Makefile: Build scripts to compile the project.
input*.data: The binary input data files for the design.

To run the design, prepare the input matrices using NumPy and invoke the generated module to obtain the result:

np_A = np.random.random((M, K)).astype(np.int32)
np_B = np.random.random((K, N)).astype(np.int32)
result = mod(np_A, np_B)
np.testing.assert_allclose(result, np.matmul(np_A, np_B), rtol=1e-5, atol=1e-5)

Note:: The XLS backend only supports integer and fixed-point types. Floating-point types (f16, f32, f64) are not supported.

Memory Implementation Customization¶

Allo provides the Memory class to specify on-chip memory implementation details for arrays, similar to the Vitis HLS bind_storage pragma.
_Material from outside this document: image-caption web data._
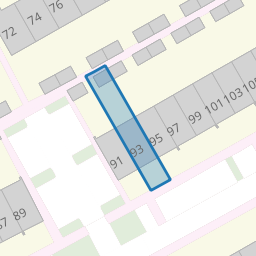 Perceel AMR04-P-2672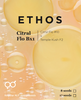 Citral Flo Bx1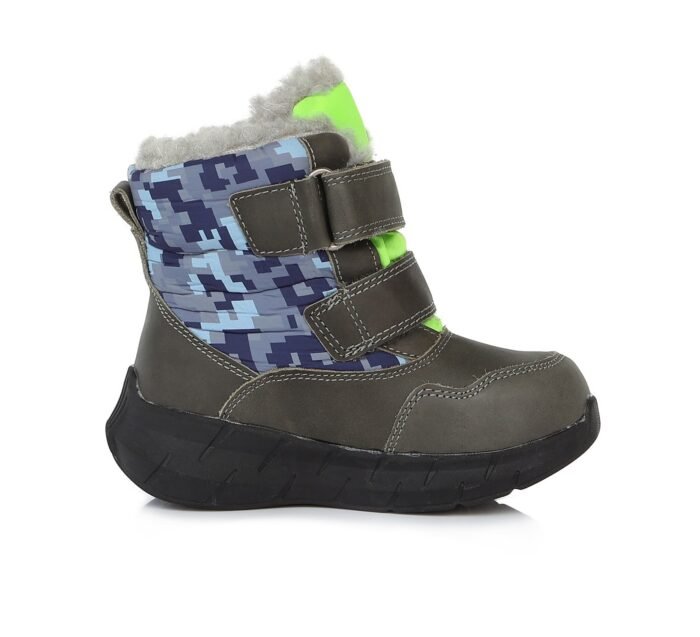 Sniego batai su vilna 24-29 d. F61260AM - Image 3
This allows fine-grained control over how arrays are mapped to FPGA memory resources (BRAM, URAM, LUTRAM, etc.).

Basic Usage

Use the @ operator to annotate function arguments or local variables with memory specifications:

from allo import Memory
from allo.ir.types import int32, float32

# Define memory specifications
MemUram = Memory(resource="URAM", storage_type="RAM_1P")
MemBram = Memory(resource="BRAM", storage_type="RAM_2P")

def kernel(a: int32[32] @ MemUram, b: int32[16, 16] @ MemBram) -> int32[32]:
    # Local variable with memory annotation
    buf: int32[32] @ Memory(resource="BRAM")
    for i in range(32):
        buf[i] = a[i] * 2
    c: int32[32]
    for i in range(32):
        c[i] = buf[i] + 1
    return c

s = allo.customize(kernel)
mod = s.build(target="xls", use_memory=True)
print(mod.hls_code)

This generates a rewrite textproto file that maps buffer a (RAM_1P) to the XLS RAM_1RW type and input buffer b (RAM_2P) to the XLS RAM_1R1W type:

Memory Class Parameters The Allo Memory class accepts the following parameters:

resource (str): Memory resource type
- "BRAM": Block RAM - the most common on-chip memory
- "URAM": Ultra RAM - larger capacity, available on UltraScale+ devices
- "LUTRAM": LUT-based RAM - faster but smaller
- "SRL": Shift Register LUT - efficient for FIFOs
- "AUTO": Let the HLS tool decide (default)

These all default to RAM_ABSTRACT in XLS.

storage_type (str, optional): RAM access pattern
- "RAM_1P": Single-port RAM
- "RAM_2P": Simple dual-port RAM (one read, one write port)
- "RAM_T2P": True dual-port RAM (two read/write ports)
- "RAM_1WNR": Single write, N read ports
- "RAM_S2P": Simple dual-port (alias for RAM_2P)
- "ROM_1P": Single-port ROM
- "ROM_2P": Dual-port ROM
- "ROM_NP": N-port ROM
latency (int, optional): Memory access latency in cycles
depth (int, optional): Depth of the memory (useful for streams/FIFOs)

XLS currently only supports RAM_1RW and RAM_1R1W, so we can only support RAM_1P, RAM_2P, and ROM_1P. The other storage types are currently not supported.

Conclusion¶

This example illustrates the process of defining a GEMM kernel using the Allo ADL and generating XLS code for the ASIC flow. The approach supports the software synthesis modes which is wonderful for quick verifications and debugging.